Staying Strong: Mental health becomes a concern as farmers and ranchers face ongoing adversity
Seeing the Signs
It’s important to recognize the signs of depression and anxiety, in yourself or loved ones, says Oehlke.
1. Sleep profile. Usually these folks struggle to sleep. They’re praying they can get to sleep to shut their brain down.
2. Losing interest in things.
3. Guilt becomes more of a burden.
4. Loss of hope.
5. Not wanting to get up and do things. Not getting the chores done on time. Not taking care of medical issues, not taking medication correctly.
6. Decreased appetite and weight loss
7. Expressing thoughts of self-harm.
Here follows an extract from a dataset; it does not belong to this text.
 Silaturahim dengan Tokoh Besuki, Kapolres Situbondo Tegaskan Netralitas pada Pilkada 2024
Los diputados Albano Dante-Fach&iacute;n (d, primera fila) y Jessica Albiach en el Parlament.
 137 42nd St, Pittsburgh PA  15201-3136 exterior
That’s an absolute emergency and needs to be addressed in some way.To reach the Avera Farm and Ranch Rural Stress Hotline, call 1-800-691-4336. More information is available here.
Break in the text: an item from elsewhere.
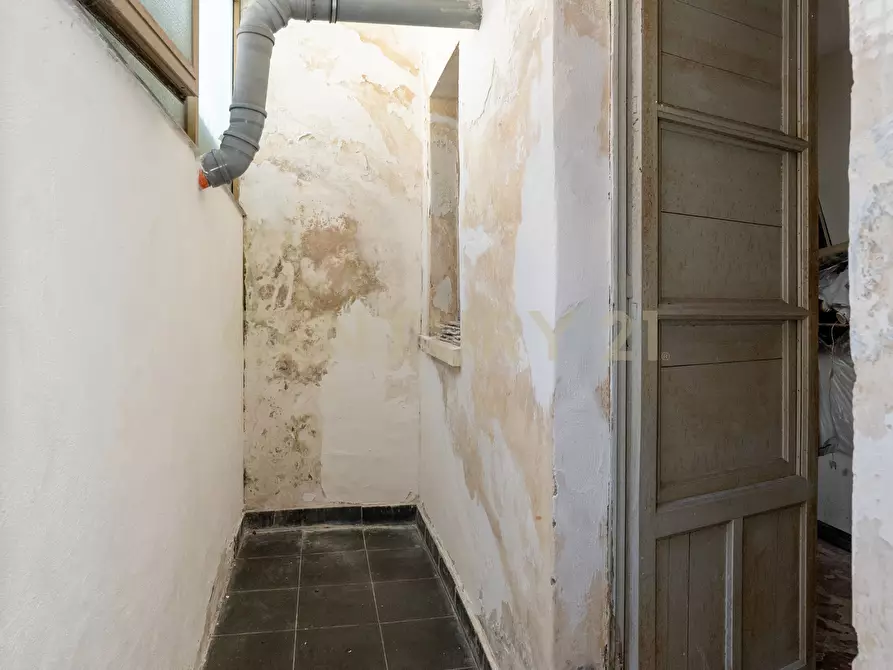 Immagine 51 di Trilocale in vendita  in Via duca degli abruzzi 47 a Catania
“Sometimes when I’m driving, I consider just driving away and never looking back. I would be three states away before they knew I left.”
“I’m a failure because I can’t save my family’s farm.”
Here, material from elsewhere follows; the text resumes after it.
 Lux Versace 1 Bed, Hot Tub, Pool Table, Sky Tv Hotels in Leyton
“I’m afraid our farm won’t be around for my kids to farm.”
These are some of the secrets America’s ag producers are carrying around. They submit these secrets anonymously online to “Our Ag Secrets” and Jessica Peters, a dairy farmer and the founder of the website, shares some of them on social media, offering support. That’s her rule. Anyone can comment, but offer only support or advice. No negative comments.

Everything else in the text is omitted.